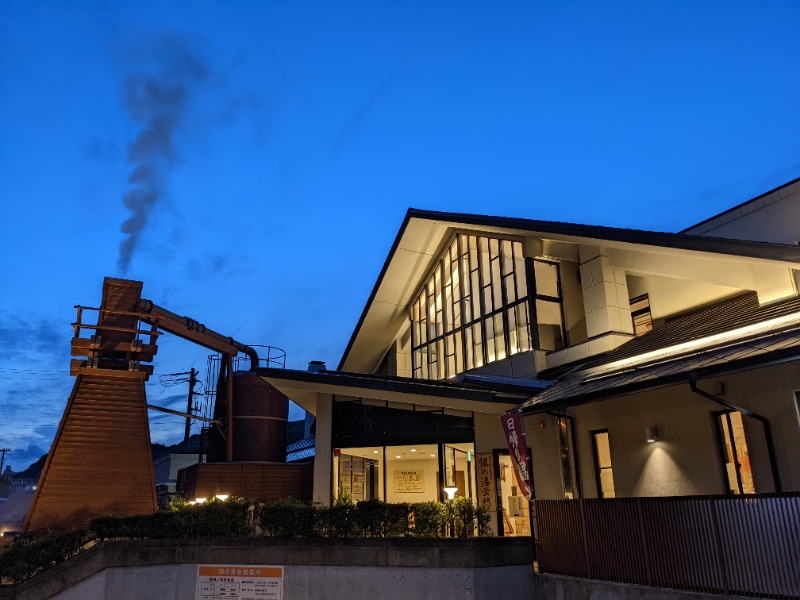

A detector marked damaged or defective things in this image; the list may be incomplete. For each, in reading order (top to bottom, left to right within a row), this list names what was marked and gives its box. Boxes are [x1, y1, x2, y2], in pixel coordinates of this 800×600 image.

rusty metal tank [209, 370, 288, 464]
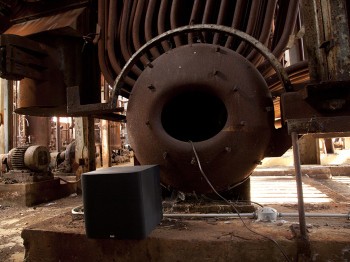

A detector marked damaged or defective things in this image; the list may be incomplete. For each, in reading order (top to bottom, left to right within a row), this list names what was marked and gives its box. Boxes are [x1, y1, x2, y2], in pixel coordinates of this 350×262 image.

rusted machine [0, 0, 348, 196]
large rusted cylinder [127, 44, 274, 193]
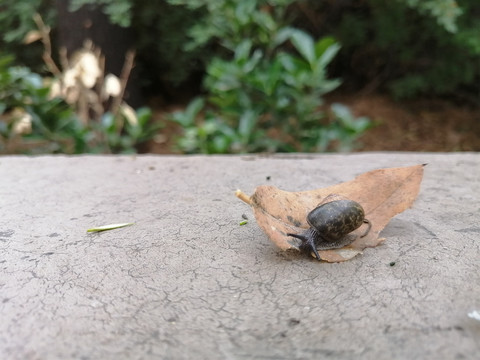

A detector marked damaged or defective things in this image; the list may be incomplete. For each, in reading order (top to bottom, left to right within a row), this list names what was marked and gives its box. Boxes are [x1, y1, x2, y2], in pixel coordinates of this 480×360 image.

cracked pavement [0, 153, 480, 358]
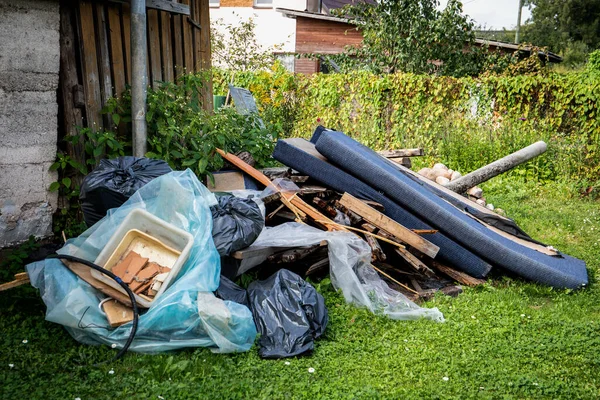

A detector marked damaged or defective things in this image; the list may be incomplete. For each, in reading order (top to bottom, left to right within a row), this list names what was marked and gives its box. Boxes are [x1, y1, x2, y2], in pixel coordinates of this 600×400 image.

broken wood board [340, 192, 438, 258]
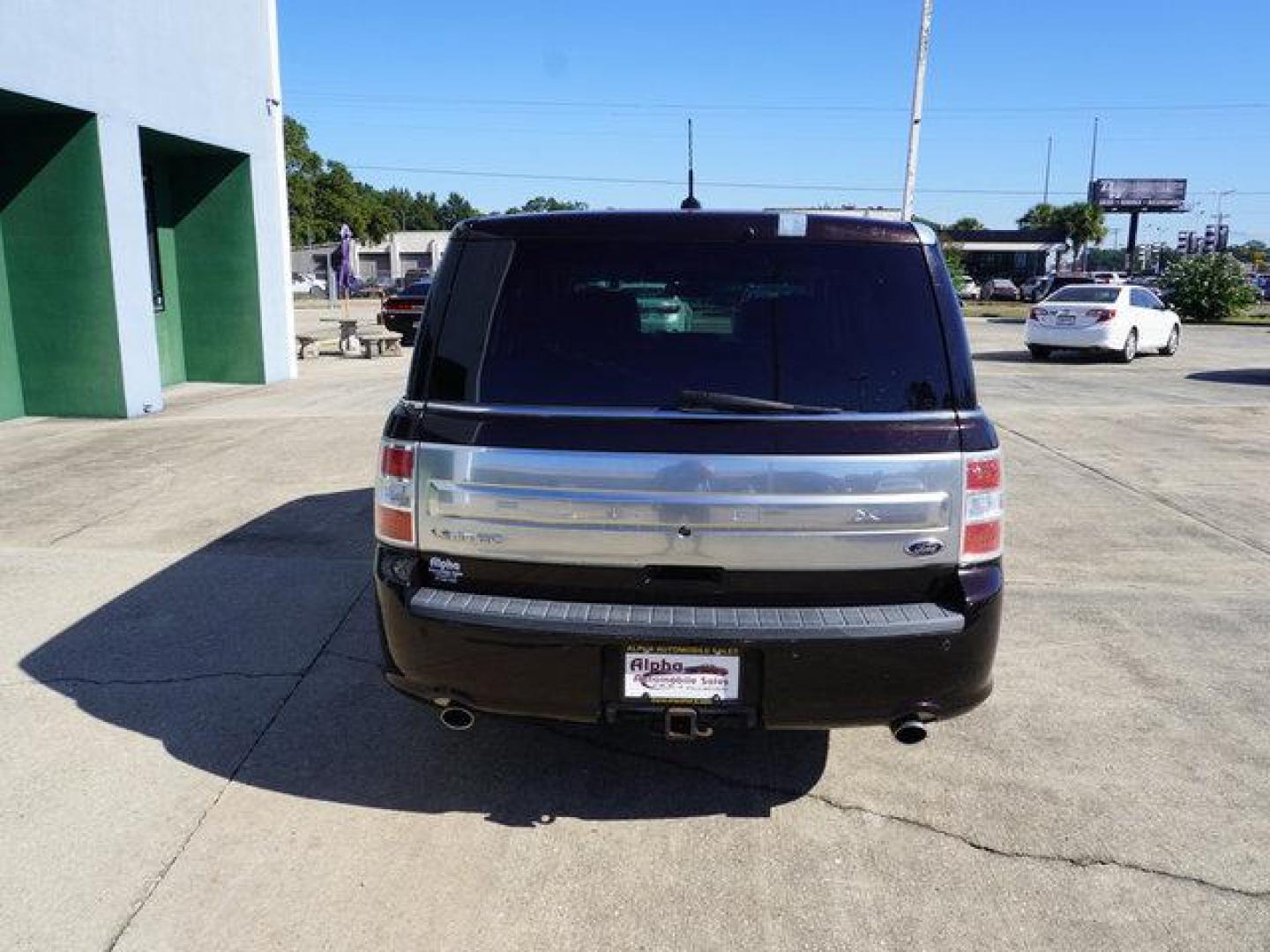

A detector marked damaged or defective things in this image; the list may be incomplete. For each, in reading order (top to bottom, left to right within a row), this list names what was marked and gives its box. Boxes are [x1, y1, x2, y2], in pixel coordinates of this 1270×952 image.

asphalt crack [1002, 421, 1270, 561]
asphalt crack [101, 575, 370, 945]
asphalt crack [540, 726, 1270, 903]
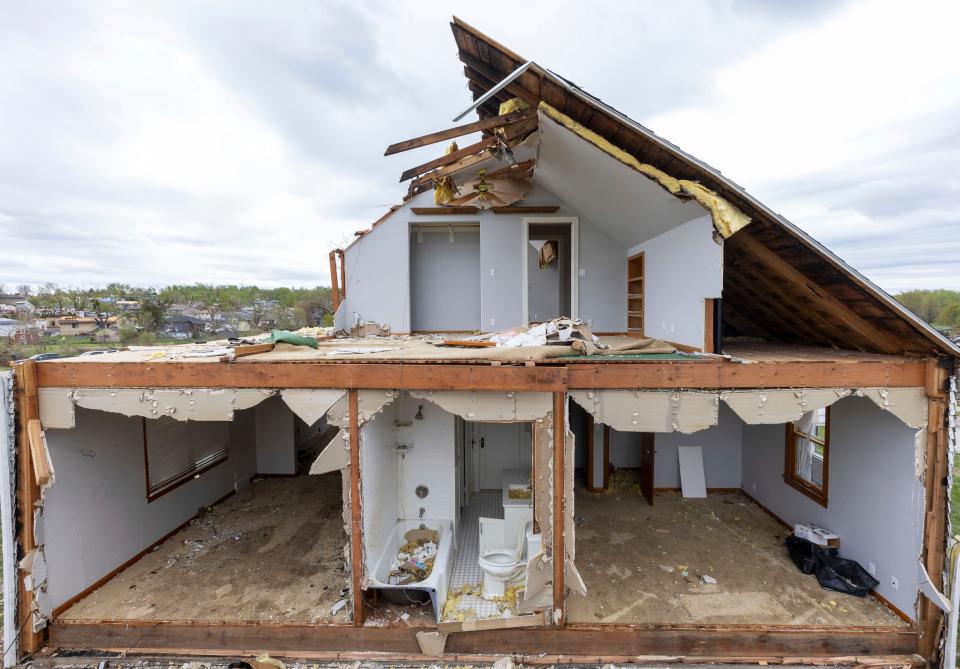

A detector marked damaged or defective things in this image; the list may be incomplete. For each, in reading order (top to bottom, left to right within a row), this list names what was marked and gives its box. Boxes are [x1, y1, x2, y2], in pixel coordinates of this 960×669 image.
* * *
Assignment ::
Return only the lines that start at the line containing "this 600×400 image." and finish at the last line of the entries, exactly as written and without pictures.

Written reply ::
A detector marked damaged or defective things in this image; the list may be incomplete. For each, in reading order (top to bottom, left to right within a row), this list names what was marked and gives its box. Boxes are [x1, y1, x2, y2], in pixel coordinates of this 600×400 image.

broken wood board [340, 192, 438, 258]

A detector marked damaged or defective things in this image; the list may be incomplete. For each, in reading order (top to bottom, left to right within a row), this list names what was marked and gives its box. Boxes are [x1, y1, x2, y2], in pixel coordinates of this 1270×952 image.

asphalt crack [1002, 421, 1270, 561]
asphalt crack [101, 575, 370, 945]
asphalt crack [540, 726, 1270, 903]

A detector marked damaged or defective things in this image; the list may be incomplete. For each, in reading order (top to bottom, left to right within a row), this list names what was marked and gives its box. Boxes are [x1, y1, x2, y2], in pixel coordinates of this 960×669 image.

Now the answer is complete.